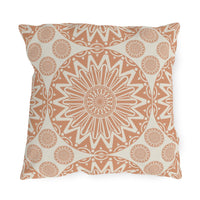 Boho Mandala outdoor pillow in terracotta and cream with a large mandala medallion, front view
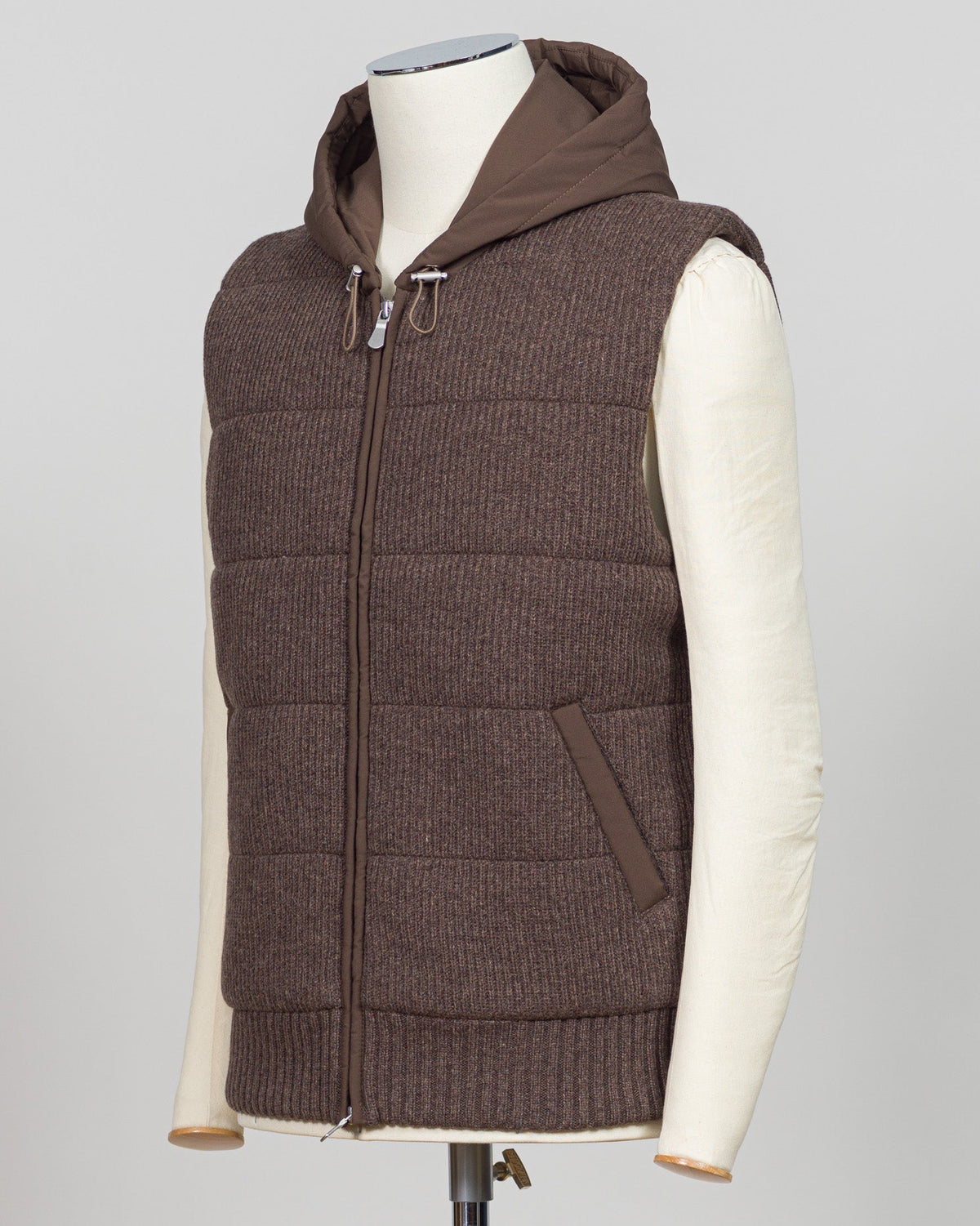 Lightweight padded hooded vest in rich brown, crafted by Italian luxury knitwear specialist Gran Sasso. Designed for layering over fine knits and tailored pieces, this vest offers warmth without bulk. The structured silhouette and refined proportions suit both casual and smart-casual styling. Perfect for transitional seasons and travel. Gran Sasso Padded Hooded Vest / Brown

============

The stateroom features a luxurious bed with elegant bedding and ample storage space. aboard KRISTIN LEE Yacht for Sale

============

- _PROBLEM DETAILS_
From the data above, retype only the lines starting with the line with "Boho Mandala outdoor" and going on through the line with "Lightweight padded hooded", exactly, leaving out the pictures.

- _RESPONSE AREA_
 Boho Mandala outdoor pillow in terracotta and cream with a large mandala medallion, front view
 Lightweight padded hooded vest in rich brown, crafted by Italian luxury knitwear specialist Gran Sasso. Designed for layering over fine knits and tailored pieces, this vest offers warmth without bulk. The structured silhouette and refined proportions suit both casual and smart-casual styling. Perfect for transitional seasons and travel. Gran Sasso Padded Hooded Vest / Brown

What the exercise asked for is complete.